COMMUNICATION, Health Equity & Policy
- “A quarter of all web pages that existed at some point between 2013 and 2023 now… don’t. That’s according to a recent study by Pew Research Center, a think tank based in Washington, DC, which raised the alarm of our disappearing digital history. Researchers found the problem is more acute the older a web page is: 38% of web pages that Pew tried to access that existed in 2013 no longer function. But it’s also an issue for more recent publications. Some 8% of web pages published at some point 2023 were gone by October that same year.” In the wake of a recent US court decision against the Internet Archive’s access policies, Chris Stokel-Walker makes a case for its potential importance as a bulwark against the evaporation of digital-only knowledge in a society that has developed little in the way of contingencies for long-term, robust archiving.

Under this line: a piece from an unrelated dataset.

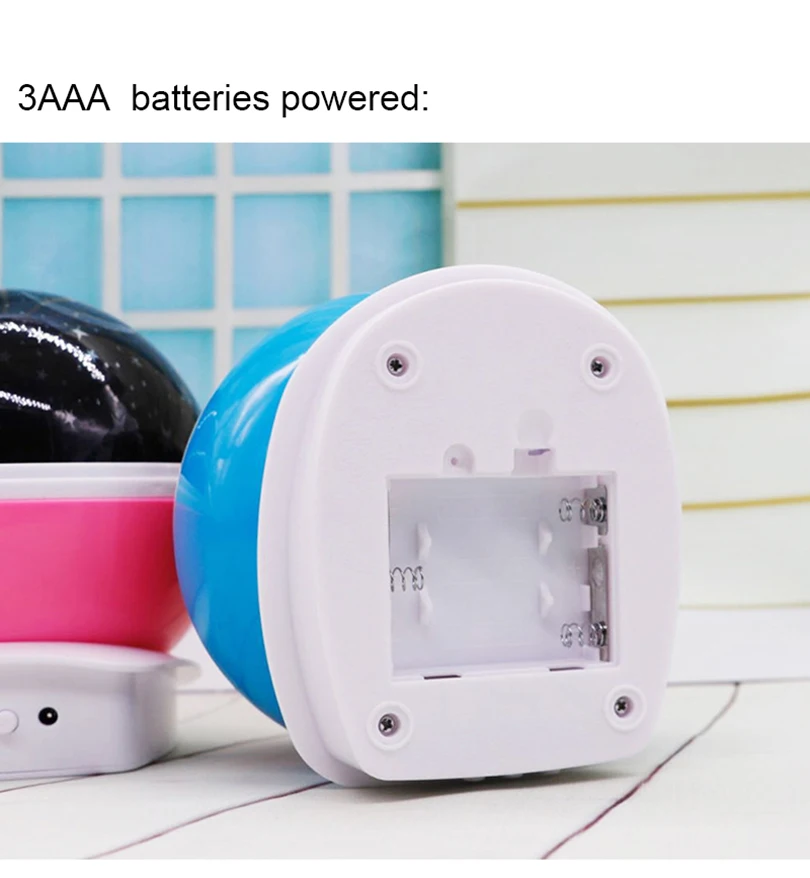 RGB Светодиодный проекционный светильник Единорог USB на батарейках ночной Светильник для детей Детский подарок спальный светильник для спальни прикроватная настольная лампа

- “The 2024 ACO REACH HEBA changes generally benefit Northeastern and Western coastal states and cities, while the South and Midwest fare less well. Measured against the Federal Medical Assistance Percentage as an accepted standard of state average per-capita income, these shifts are in the opposite direction of need nationally. In addition, the PY2024 area-level HEBA change helps and hurts nearly the same number of large metropolitan areas.” A research letter published this month in JAMA Health Forum by Powell and colleagues critiques the effects of changes to federal policy for Medicare/Medicaid payments designed to address health disparities.
- “…at the heart of the lawsuit is an inherent failure to understand the very nature of scholarly publishing — that it is a service industry, not a product-based industry. Simply put, there are processes that researchers are required to go through in order to further their careers…. As others in this post note, there remain long-running and newly arisen problems in the world of scholarly communication. This lawsuit is, in my opinion (which, I repeat, is entirely free from legal expertise), a frivolous distraction from real efforts to improve things.” Scholarly Kitchen collects reactions from its contributors to the recent class action lawsuit launched against prominent publishers of academic research.
- “Particle alleges that Epic has used its control over patient data to expand its dominance to so-called “payer platforms,” a type of software that allows health insurers to retrieve and analyze large amounts of patient data to help run their businesses and make decisions about patient care and coverage.” STAT News’ Casey Ross reports that EHR giant Epic is being sued over alleged monopolistic practices by Particle Health – which has also filed a complaint with the Office of the National Coordinator.
- “Words convey empathy, demonstrate competence, and generate trust. Small wording changes during patient-clinician encounters can affect visit interactions as well as visit outcomes. How clinicians word or frame questions or statements, and where these questions or statements are placed during patient encounters, are impactful.” A JAMA Insights essay by Robinson and Opel examines the importance of the right word when providing patient care.